The Data Access Layer, Part 1 – The Basics (And When Things Aren’t So Basic)
Today, I’d like to talk about the data access layer (DAL). I’ll start with a brief review: the motivation behind the DAL, the design principles that define a theoretically “good” DAL, and the relationship between the DAL and modern persistence technologies. Then, I’ll look at how simple DAL designs might start to break down under some workloads. I’ll outline a design approach that aims to address those situations without making the types of design compromise one might typically consider.
In Part 2 of this series, I’ll describe JPA’s Criteria API. Then I’ll return to the DAL design approach from Part 1 and step through a more concrete example using a JPA persistence mechanism, with the Criteria API playing a key role in the implementation.
I’m sure we’re all familiar with the tension between quality of design and speed of delivery that seems to pervade the IT world. Sometimes this tension is artificial – people tend to assume that a solid design will take too long to implement, though in fact it is often the case that having structure can make the end-to-end project timeline shorter. Even when the tradeoffs are real, too often they are expressed in terms of “business needs vs. technical needs” – a dichotomy that I always encourage people to rethink.
A full discussion of the business value of good design is beyond the scope that I wish to cover here. Perhaps some of you are already the design advocates on your teams, pointing out when so-called “technical debt” might incur excessive interest payments. Others might tend to prefer quick-and-dirty solutions that let you move on to the next thing. Either way, hopefully, we can all agree that a good separation of concerns is preferable when we can afford it; so in that spirit, let’s look at how to keep the separation between business logic and persistence details affordable.
The DAL sometimes gets marginalized a bit in light of modern persistence technologies. ORM tools like Hibernate abstract away many details of the DBMS (for typical use cases at least; but beware of the occasional need for native queries). JPA further provides a common API for use with various ORM tools (or providers as it calls them). At first glance, it may seem a little much to suggest that even JPA should be abstracted away from the business logic; but on closer inspection, there are reasons to say just that.
The insulation from the DBMS that JPA provides isn’t perfect. Even if you avoid native queries, information about the database schema still tends to leak through, as JPA entities tend to mirror tables very closely, and the relationships between the entities likewise tend to reflect the database’s structure. For a young application with a custom schema, the tables may have been designed to reflect business entities pretty closely anyway; but even when that’s so, as the application evolves, there may be performance reasons for the database to deviate from the “pure” business understanding of the data, and/or you may find that you’d prefer not to restructure the database to follow a change in the business layer data model.

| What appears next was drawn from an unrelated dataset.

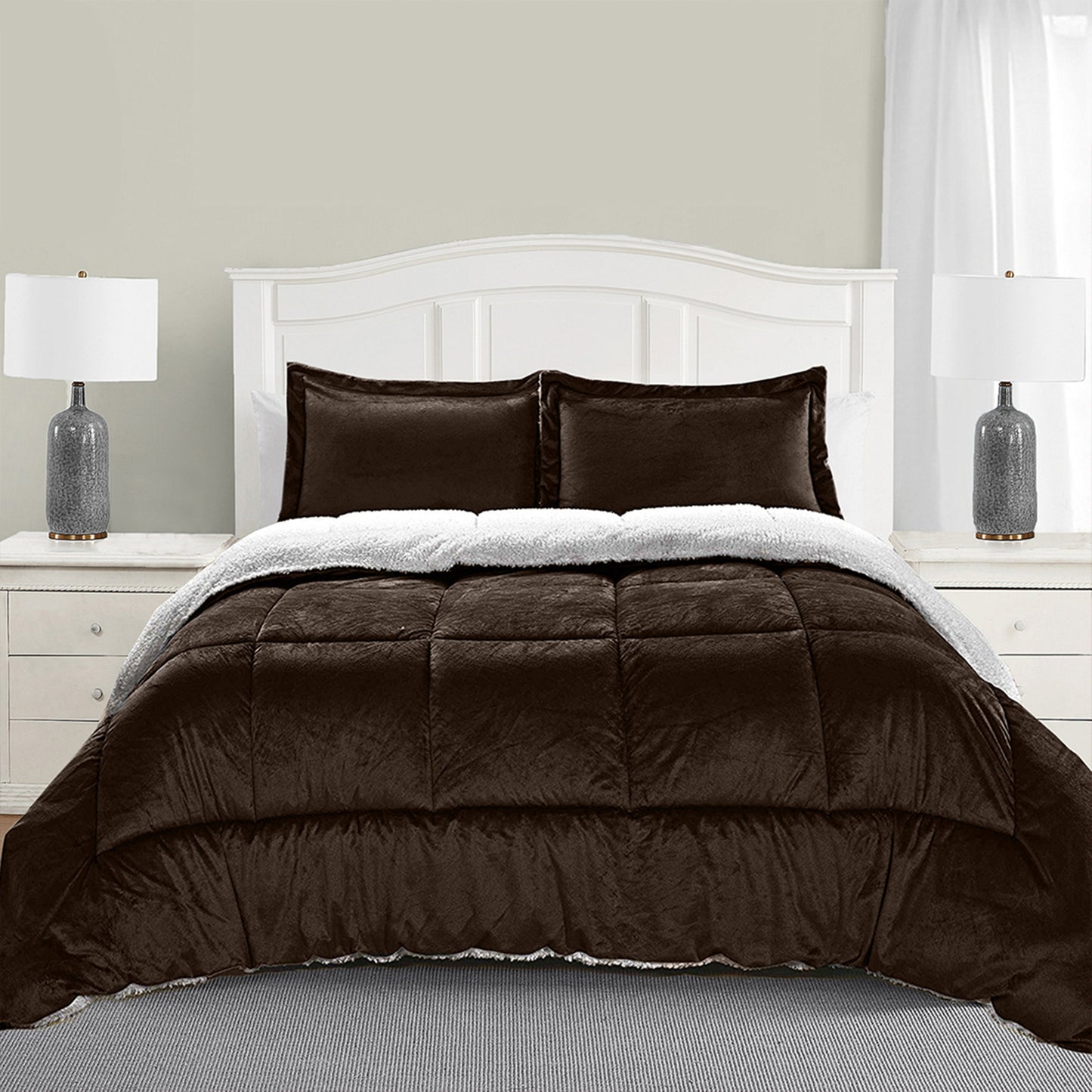 Elegant Comfort 3-Piece Micro-Suede Reversible Sherpa - Solid Color Design Comforter Set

From a separation of concerns point of view, then, JPA behaves less like a data access abstraction to be called from the business layer, and more like a persistence detail to be abstracted away by a DAL interface. By no means does this undercut the value of a good ORM tool. We just have to recognize that like any tool, it is valuable when applied to the right problems and costly when applied to the wrong ones.
So getting back to basics, a good DAL has two qualities:
- The interface (through which the business layer invokes DAL operations) is written in the business layer’s terms. Today’s implementation might use JPA; but tomorrow you might find that the native Hibernate API better meets your needs, or decide to get away from ORM and use JDBC, or even abandon the use of a relational database entirely. It should be possible to gut your DAL and write a new one around the new persistence mechanism, changing none of the DAL interfaces (and therefore changing none of the business layer that uses those interfaces). Such a rewrite may not be easy, but without a solid DAL interface you’d typically have to rewrite broad swaths of business logic that had become hopelessly entangled with details of the old persistence mechanism. A DAL rewrite will usually be easier, and will almost always be less risky, than that.
- The DAL contains no business logic. In one extreme case, I saw an application whose “business layer” was nothing but a series of pass-through calls into the DAL, which housed all of the application’s real functionality. Of course, saying that you never have to change the business layer is a matter of semantics in this case; the entire purpose of the DAL has been defeated, because re-implementing the DAL would require rewriting the business logic just the same as if there were no DAL.
A typical textbook example of a DAL design consists of a collection of data access objects (DAOs), each focusing on one business entity. The DAO for a business entity will provide basic CRUD operations for the corresponding database records. It will probably include some basic “find” methods (e.g. “find order items by order number”) and perhaps some simple aggregate calculations (“return the total revenues from all transactions on this account”).
As long as data volumes are reasonably small, the DAL may never have to grow beyond this textbook scenario. Sure, the business logic might infer some complex relationship or define some complex calculation; but you can still avoid encoding such business logic within the DAL by simply using the DAL to retrieve the handful of objects involved and resolving the relationship or calculation in code (i.e. in the business layer of the application). This may mean you aren’t using the DBMS to its full potential, but for tens, hundreds, or perhaps even small thousands of records, it’s unlikely that any performance penalty will be noticed.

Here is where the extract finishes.